Dessins – Œuvres originales
[95]
La demanderesse prétend que chacun des dessins de Pyrrha constitue une œuvre « originale »
, au sens où ce terme est défini dans l’arrêt CCH au paragraphe 16. La demanderesse soutient que la Cour supérieure de justice de l’Ontario, dans la décision Beach c Toronto Real Estate Board (2009), [2009] OJ No 5227, au paragraphe 101, 183 ACWS (3d) 570 (C. sup. j. Ont.) [Beach], a confirmé qu’une œuvre fondée sur une œuvre antérieure peut tout de même être « originale »
si la nouvelle œuvre est le résultat du talent et du jugement, et non simplement une copie.
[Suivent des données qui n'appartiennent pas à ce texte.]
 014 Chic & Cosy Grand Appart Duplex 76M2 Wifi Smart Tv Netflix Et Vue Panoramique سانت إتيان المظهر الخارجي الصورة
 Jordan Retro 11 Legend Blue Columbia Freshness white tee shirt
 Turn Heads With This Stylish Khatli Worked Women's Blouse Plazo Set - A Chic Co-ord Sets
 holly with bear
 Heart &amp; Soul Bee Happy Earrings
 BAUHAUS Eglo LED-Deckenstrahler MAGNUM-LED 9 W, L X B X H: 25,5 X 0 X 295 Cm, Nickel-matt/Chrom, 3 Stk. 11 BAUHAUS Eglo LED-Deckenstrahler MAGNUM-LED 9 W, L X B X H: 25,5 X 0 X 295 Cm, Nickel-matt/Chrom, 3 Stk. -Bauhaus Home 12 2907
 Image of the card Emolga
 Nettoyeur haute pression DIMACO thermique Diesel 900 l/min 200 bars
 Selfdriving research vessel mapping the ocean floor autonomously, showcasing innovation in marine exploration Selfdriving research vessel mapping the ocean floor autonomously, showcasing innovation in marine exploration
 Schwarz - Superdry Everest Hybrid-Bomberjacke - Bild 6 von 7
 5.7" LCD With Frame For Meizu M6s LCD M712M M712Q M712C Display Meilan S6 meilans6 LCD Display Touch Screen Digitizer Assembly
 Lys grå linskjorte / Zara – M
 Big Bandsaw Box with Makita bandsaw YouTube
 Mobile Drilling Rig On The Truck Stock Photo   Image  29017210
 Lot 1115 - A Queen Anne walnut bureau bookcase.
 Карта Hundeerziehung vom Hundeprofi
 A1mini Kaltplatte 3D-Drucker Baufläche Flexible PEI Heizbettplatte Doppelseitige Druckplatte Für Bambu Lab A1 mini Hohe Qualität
Les défenderesses adoptent le point de vue tout à fait opposé; ce talent et ce jugement exercés dans la copie d’une autre œuvre ne peuvent conférer de l’originalité.
[96]
Bien que le paragraphe 5(1) de la Loi exige qu’une œuvre soit originale pour que le droit d’auteur existe, la Loi ne définit pas ce qu’est une œuvre « originale »
. Toutefois, au paragraphe 28 de l’arrêt CCH, la Cour suprême énonce les trois (3) éléments requis pour qualifier une œuvre d’originale :
[98]
Ainsi, il n’est pas nécessaire qu’une œuvre soit créative, nouvelle ou unique pour être originale, mais l’effort de création ne doit pas être un exercice négligeable au point de pouvoir être assimilé à une entreprise purement mécanique. L’affaire CCH illustre cette tension entre l’originalité non créative et l’effort de création dans la conclusion selon laquelle les sommaires, le résumé jurisprudentiel, l’index analytique et la compilation de décisions judiciaires publiées sont tous des œuvres originales, alors que les jugements réels qui figurent dans ces sommaires et autres sont du domaine public et ne peuvent être protégés par le droit d’auteur.
[100]
Il convient également de tenir compte du fait que dans la définition d’« œuvre artistique »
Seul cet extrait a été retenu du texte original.